А перед обедом князь учудил. Велел Пантелеичу Ивана сфотографировать – глаза, мол, красивые. Потом подошел, подшлемник стянул, в лицо всмотрелся. И опять горячей волной окатило, Иван от прикосновения пальцев к щеке едва не сомлел. Вот же напасть!.. Никогда такого не было. Иван не любил, когда его касались: по делу, конечно, терпел – куда денешься? Но лишнего товарищам не позволял, приучил – его ни за локоть не трогали, ни по спине не хлопали.

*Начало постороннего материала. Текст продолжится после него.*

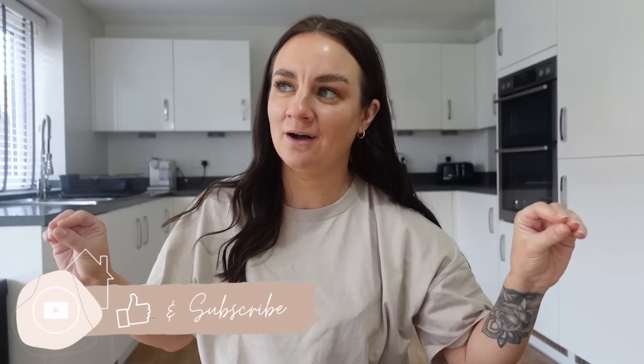Hello everyone, welcome back to my channel! Today is the start of our kitchen makeover renovation — I don't really know what to call it, because we're not ripping the whole kitchen out. We are working with what we've got and just making it more our style. I'm really looking forward to sharing this whole journey with you because the kitchen is such a big thing to do in a house.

Наваждение быстро рассеялось: приехали следователи, прокурорские чины, князь к разметанному дому ушел, а роту направили лес прочесывать. Когда занят и настороже, особо не помечтаешь. И вспомнил Иван о князе стыдно сказать, когда – в банно-прачечный день. В душевой намылился, как следует, а мочалкой по яйцам мазнул – вмиг поджались, и то самое странное томление накатило. И елда встала, будто голую девку в срамном белье с перьями показали. Иван немедля ледяной водой облился. Не сразу, но помогло, попустило. Вышел из душевой, стуча зубами, и побрел чистить и красить оружие. Чтоб руки полезным делом занять.

Третья – роковая – встреча с князем случилась в полночь, на КПП. Иван заступил на дежурство по распорядку. Отметил, что красный «Феррари» под частью стоит. Князя не видать, а Пантелеич сладко дрыхнет. Стоило подумать, как доктор с князем и полковником явились. Тут Ивана и настигло. Князь сначала взглядом обласкал, потом с полковником пошептался… и – отвернулась Заступница, проглядела! – Ивана сменили и велели садиться в авто.

Пантелеич заворчал – не на Ивана, на князя – а тот только расхохотался, дыша мадерой. Обозвал дядьку «старым псом», Ивана облапил и раскинулся на сиденье, глядя в небо ночное. Доехали быстро. Князь, как и прочие офицеры, жил в единственном небоскребе Хмурного – «Свечке Богородицы». Лифт наружный, прозрачный, едешь – как Христос на ладони поднимает. Куда ни глянь – тьма с редкими светлячками фонарей. Трасса хорошо видна. Словно императрица ожерелье уронила. И лежит оно, сияет драгоценными камнями. Лепота взору! А душу кошки скребут. Хоть и Иваном родители назвали, не совсем дураком уродился. Князю-то ясно чего захотелось. Средь офицеров мужеложцев немало было. Не столько яйца любили потискать, сколько спустить без сложностей. Солдат не девка, букетов да конфет дарить не надобно, не залетит, маменьке с папенькой не нажалуется, под венец не потащит.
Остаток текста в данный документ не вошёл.